[Exercise aim]:
With the pictures excluded, reproduce all of the data exactly.

[Data below]:
====

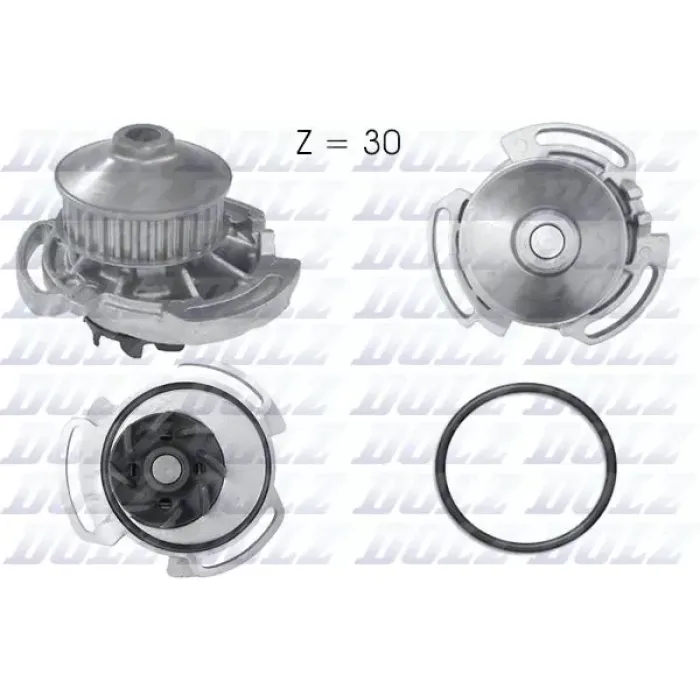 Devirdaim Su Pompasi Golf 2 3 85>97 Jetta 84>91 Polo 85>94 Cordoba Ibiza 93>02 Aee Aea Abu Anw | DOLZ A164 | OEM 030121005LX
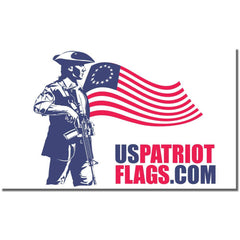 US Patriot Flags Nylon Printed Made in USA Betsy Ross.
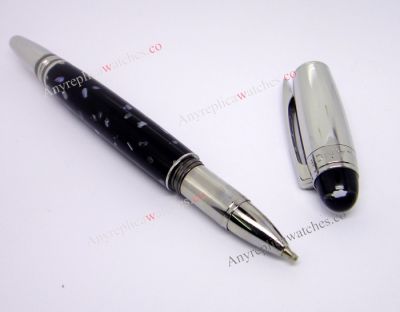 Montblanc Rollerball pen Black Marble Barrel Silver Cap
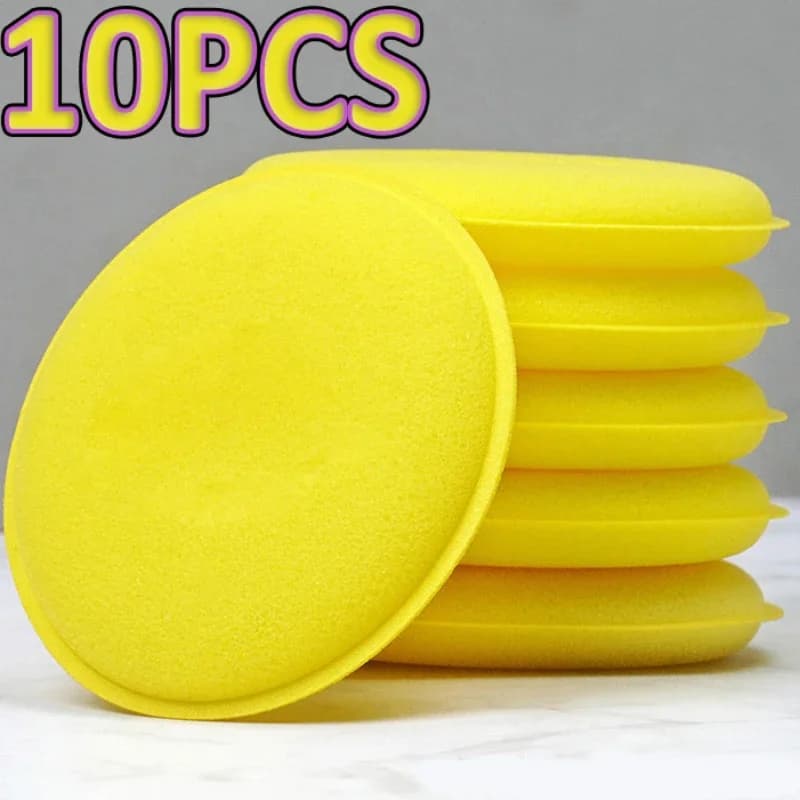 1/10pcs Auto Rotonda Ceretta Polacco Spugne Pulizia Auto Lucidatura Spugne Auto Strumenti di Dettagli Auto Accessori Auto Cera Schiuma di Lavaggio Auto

====

[Answer to the exercise]:
 Devirdaim Su Pompasi Golf 2 3 85>97 Jetta 84>91 Polo 85>94 Cordoba Ibiza 93>02 Aee Aea Abu Anw | DOLZ A164 | OEM 030121005LX
 US Patriot Flags Nylon Printed Made in USA Betsy Ross.
 Montblanc Rollerball pen Black Marble Barrel Silver Cap
 1/10pcs Auto Rotonda Ceretta Polacco Spugne Pulizia Auto Lucidatura Spugne Auto Strumenti di Dettagli Auto Accessori Auto Cera Schiuma di Lavaggio Auto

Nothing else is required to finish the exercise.